The same pattern covers accessibility. A WCAG 2.2 AA audit computed relative-luminance contrast math over 62 foreground/background pairs — 32 in the light theme, 30 in the dark — drawn from the app's stylesheet and component styles. Twelve pairs failed the first run (3 light, 9 dark, two of them blocker-class invisible text). Every failure was remediated, and the contrast table was locked into the palette-change PR as a regression gate, so a future palette can't quietly reintroduce them.

// 05 · sme-in-the-loop

Humans hold the
merge button.

Verification catches fabrication; it cannot adjudicate clinical judgment. That belongs to subject-matter experts, so review is built into the app instead of an email thread. A reviewer signs in with Google and comments on the exact element in question. The /api/intake endpoint verifies the ID token server-side (audience-checked), re-checks the reviewer allowlist on the server — the client-side check is UX only — enforces size caps and a MIME allowlist on attachments, and files a structured GitHub Issue.

A GitHub Action picks up the labeled issue and has an LLM draft the change as a pull request, with a self-rated risk level attached. That rating is advisory only.

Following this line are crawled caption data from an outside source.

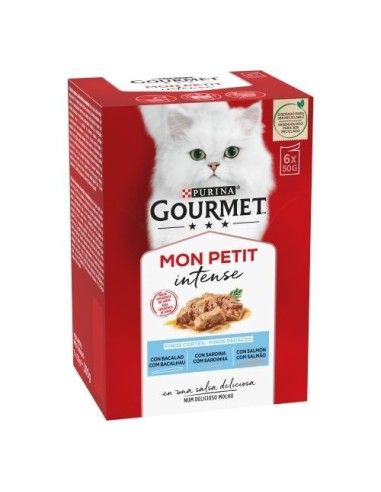 MONT PETIT PURINA pour chats, sélection de poissons 6 x 50 gr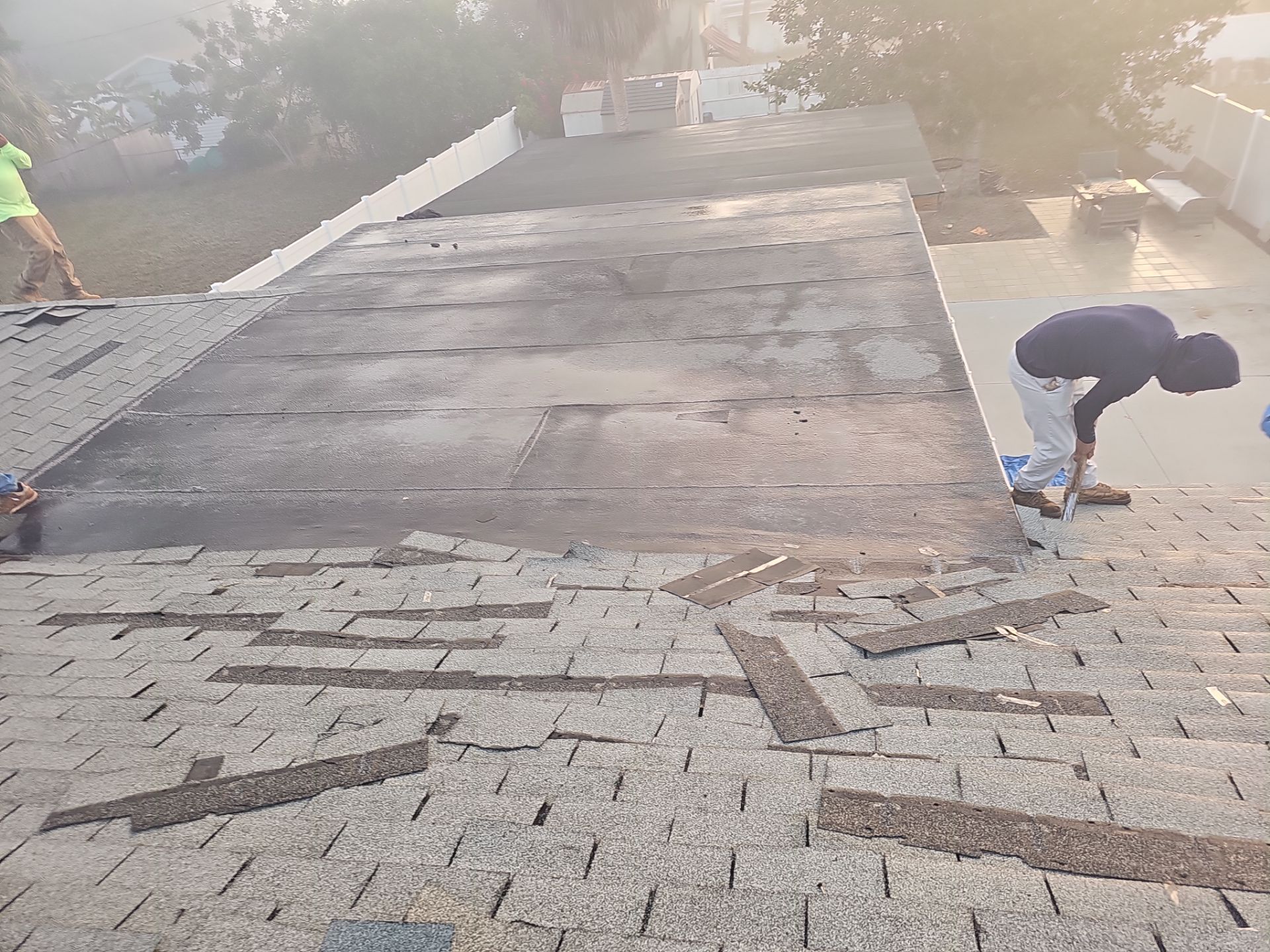 Project in Clearwater 33756 by Mitchell Roofing Company LLC 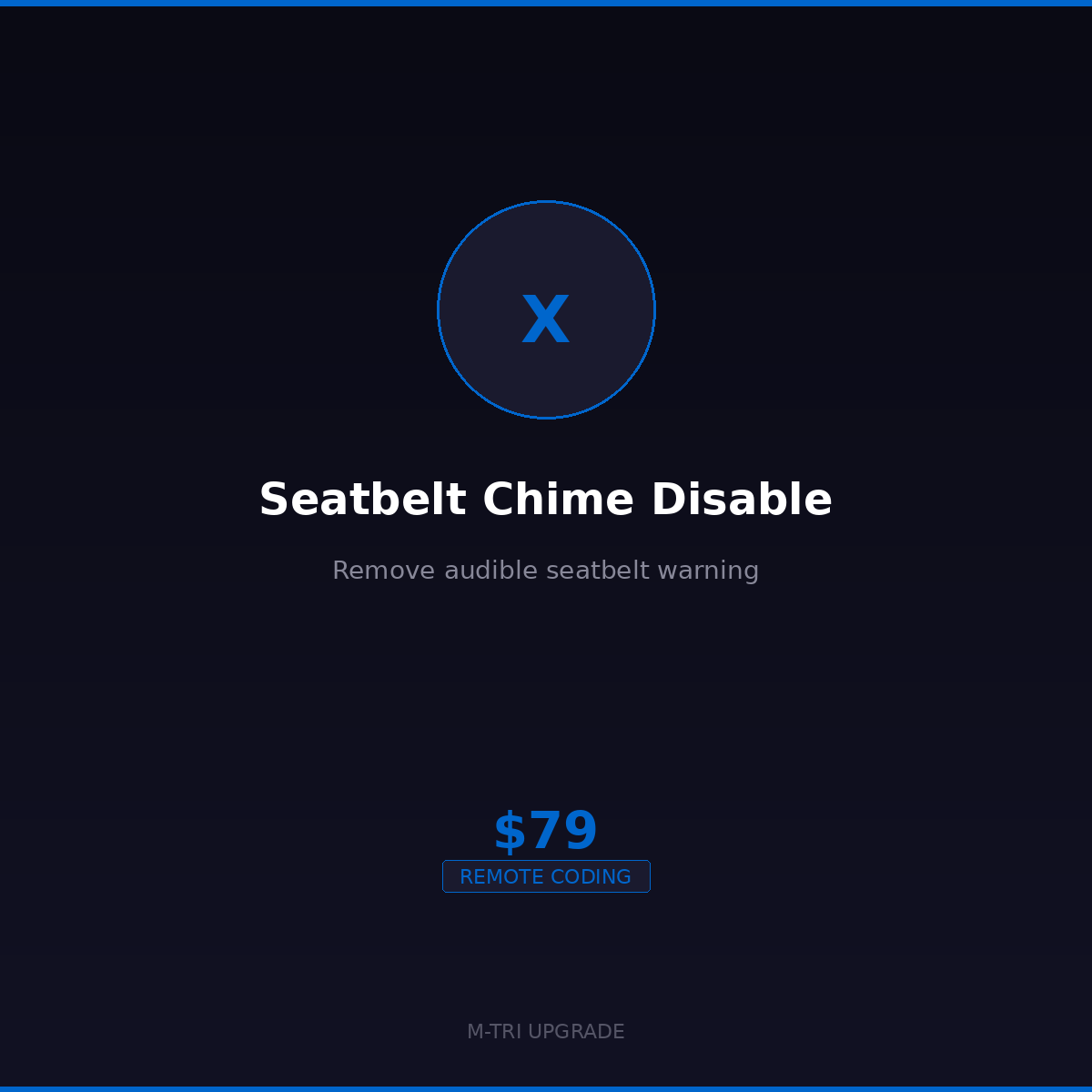 BMW Seatbelt Chime Disable Coding - Remove Seatbelt Warning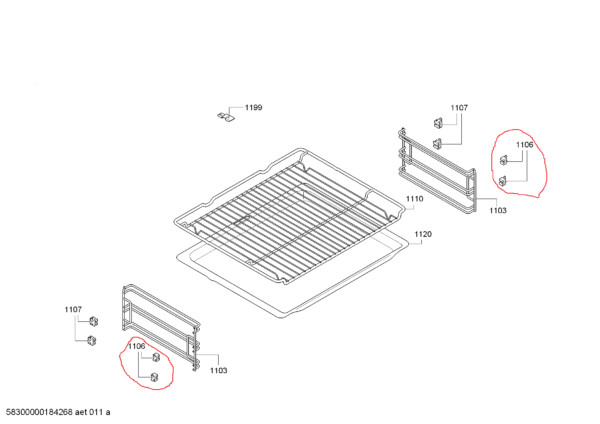 Elektrinės orkaitės BOCH ,SIEMENS,NEFF laikikliai,2vnt komplekte Cooker baking sheets, grills, rails, e-mail. plates and other parts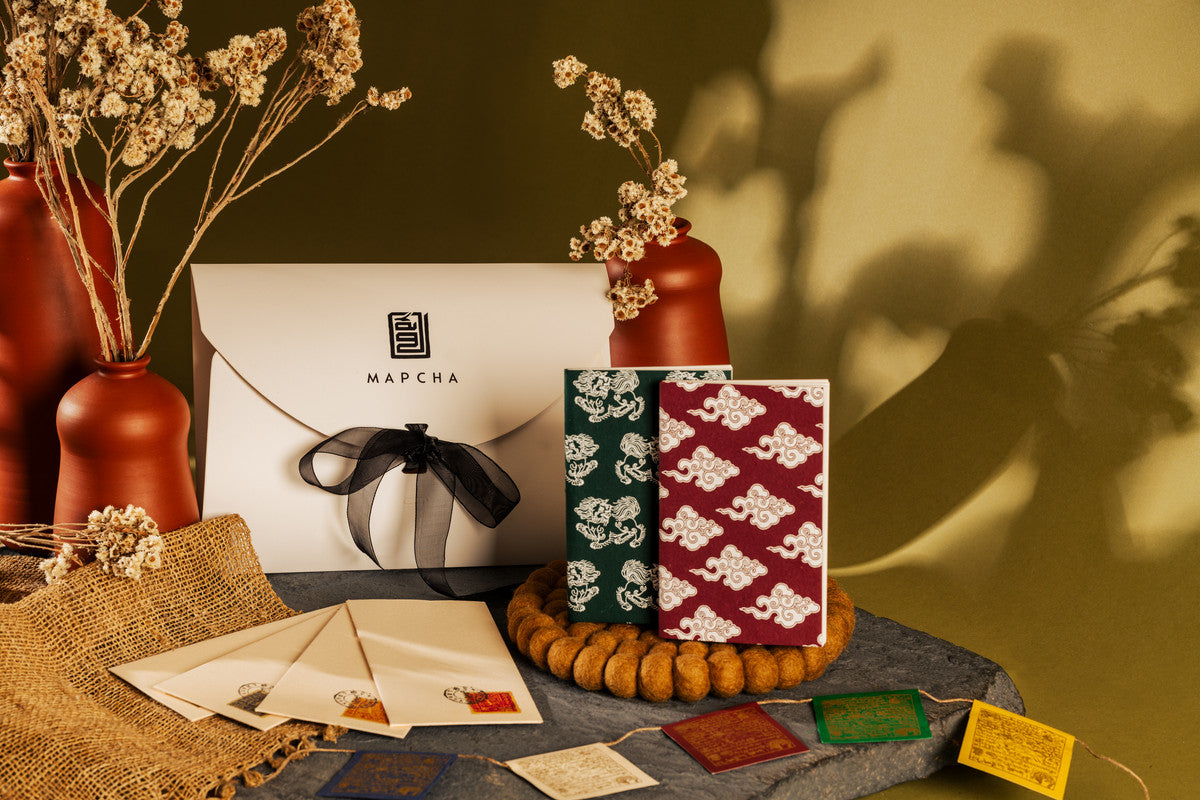 Wisdom Gift Set - Red & Blue Notebook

An earlier version of the workflow auto-merged PRs the model rated low-risk; that path was deliberately removed, because a hallucinated or adversarially induced “low” could land unreviewed clinical content. Merge is now a deterministic human decision — code-owner review is required on every drafted PR, enforced by CODEOWNERS and branch protection, independent of anything the model says about itself.

// 06 · why it matters

Why this matters
for clinical AI.

None of this required a frontier lab's budget — a public E-utilities endpoint, a few hundred lines of tested classification logic, and CI wiring. It required refusing two temptations: trusting a model's citations because they look right, and trusting a model's self-assessment because it sounds calibrated. The first pass showed both refusals earning their keep — the fabrications hid where nobody was looking, and the “rule” that never existed had already reached a graded answer key. If a model's output can reach a clinician, verification against ground truth belongs in the build, and a human belongs on the merge. That is the pattern this app runs on, and the one I'd argue for on any clinical-AI team.

The pipeline lives in a private repository — the app serves gated clinical content. Every file path, count, and CI behavior on this page is drawn directly from that repository's code, audit documents, and CI history, re-verified against source on 2026-07-09. The production app is live at app.chadwycke.io (opens in new tab).